Data shown:
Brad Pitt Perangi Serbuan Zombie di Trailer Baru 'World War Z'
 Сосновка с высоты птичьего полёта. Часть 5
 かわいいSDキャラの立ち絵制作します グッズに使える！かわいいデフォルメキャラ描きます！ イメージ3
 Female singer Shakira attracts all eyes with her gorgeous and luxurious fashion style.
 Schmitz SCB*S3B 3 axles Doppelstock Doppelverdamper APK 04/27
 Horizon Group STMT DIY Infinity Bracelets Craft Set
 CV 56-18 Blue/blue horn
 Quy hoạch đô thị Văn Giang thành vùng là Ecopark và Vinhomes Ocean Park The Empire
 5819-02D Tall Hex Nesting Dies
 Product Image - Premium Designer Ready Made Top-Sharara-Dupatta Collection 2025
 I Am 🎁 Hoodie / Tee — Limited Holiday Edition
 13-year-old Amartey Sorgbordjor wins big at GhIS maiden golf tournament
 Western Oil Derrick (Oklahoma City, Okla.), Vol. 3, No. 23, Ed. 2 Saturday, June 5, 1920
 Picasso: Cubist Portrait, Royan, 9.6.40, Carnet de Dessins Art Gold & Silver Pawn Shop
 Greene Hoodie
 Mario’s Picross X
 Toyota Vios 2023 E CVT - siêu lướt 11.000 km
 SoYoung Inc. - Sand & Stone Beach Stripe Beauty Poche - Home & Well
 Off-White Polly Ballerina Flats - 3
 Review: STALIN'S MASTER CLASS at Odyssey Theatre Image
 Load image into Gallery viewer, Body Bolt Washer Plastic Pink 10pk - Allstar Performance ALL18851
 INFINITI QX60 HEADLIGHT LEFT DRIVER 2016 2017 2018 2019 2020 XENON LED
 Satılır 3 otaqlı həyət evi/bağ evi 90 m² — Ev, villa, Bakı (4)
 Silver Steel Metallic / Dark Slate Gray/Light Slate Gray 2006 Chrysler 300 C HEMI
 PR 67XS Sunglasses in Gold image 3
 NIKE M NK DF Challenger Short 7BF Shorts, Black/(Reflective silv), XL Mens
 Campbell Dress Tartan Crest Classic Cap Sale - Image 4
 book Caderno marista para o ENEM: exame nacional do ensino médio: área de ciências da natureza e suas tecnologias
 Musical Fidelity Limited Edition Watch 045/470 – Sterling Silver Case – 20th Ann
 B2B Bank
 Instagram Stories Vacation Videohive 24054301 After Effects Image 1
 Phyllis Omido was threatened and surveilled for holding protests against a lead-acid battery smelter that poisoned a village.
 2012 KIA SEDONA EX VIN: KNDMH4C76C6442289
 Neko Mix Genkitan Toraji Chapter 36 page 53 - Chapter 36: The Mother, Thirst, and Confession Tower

What this task involves:
Could you set down every line above exactly as written?

Solution to the exercise:
Brad Pitt Perangi Serbuan Zombie di Trailer Baru 'World War Z'
 Сосновка с высоты птичьего полёта. Часть 5
 かわいいSDキャラの立ち絵制作します グッズに使える！かわいいデフォルメキャラ描きます！ イメージ3
 Female singer Shakira attracts all eyes with her gorgeous and luxurious fashion style.
 Schmitz SCB*S3B 3 axles Doppelstock Doppelverdamper APK 04/27
 Horizon Group STMT DIY Infinity Bracelets Craft Set
 CV 56-18 Blue/blue horn
 Quy hoạch đô thị Văn Giang thành vùng là Ecopark và Vinhomes Ocean Park The Empire
 5819-02D Tall Hex Nesting Dies
 Product Image - Premium Designer Ready Made Top-Sharara-Dupatta Collection 2025
 I Am 🎁 Hoodie / Tee — Limited Holiday Edition
 13-year-old Amartey Sorgbordjor wins big at GhIS maiden golf tournament
 Western Oil Derrick (Oklahoma City, Okla.), Vol. 3, No. 23, Ed. 2 Saturday, June 5, 1920
 Picasso: Cubist Portrait, Royan, 9.6.40, Carnet de Dessins Art Gold & Silver Pawn Shop
 Greene Hoodie
 Mario’s Picross X
 Toyota Vios 2023 E CVT - siêu lướt 11.000 km
 SoYoung Inc. - Sand & Stone Beach Stripe Beauty Poche - Home & Well
 Off-White Polly Ballerina Flats - 3
 Review: STALIN'S MASTER CLASS at Odyssey Theatre Image
 Load image into Gallery viewer, Body Bolt Washer Plastic Pink 10pk - Allstar Performance ALL18851
 INFINITI QX60 HEADLIGHT LEFT DRIVER 2016 2017 2018 2019 2020 XENON LED
 Satılır 3 otaqlı həyət evi/bağ evi 90 m² — Ev, villa, Bakı (4)
 Silver Steel Metallic / Dark Slate Gray/Light Slate Gray 2006 Chrysler 300 C HEMI
 PR 67XS Sunglasses in Gold image 3
 NIKE M NK DF Challenger Short 7BF Shorts, Black/(Reflective silv), XL Mens
 Campbell Dress Tartan Crest Classic Cap Sale - Image 4
 book Caderno marista para o ENEM: exame nacional do ensino médio: área de ciências da natureza e suas tecnologias
 Musical Fidelity Limited Edition Watch 045/470 – Sterling Silver Case – 20th Ann
 B2B Bank
 Instagram Stories Vacation Videohive 24054301 After Effects Image 1
 Phyllis Omido was threatened and surveilled for holding protests against a lead-acid battery smelter that poisoned a village.
 2012 KIA SEDONA EX VIN: KNDMH4C76C6442289
 Neko Mix Genkitan Toraji Chapter 36 page 53 - Chapter 36: The Mother, Thirst, and Confession Tower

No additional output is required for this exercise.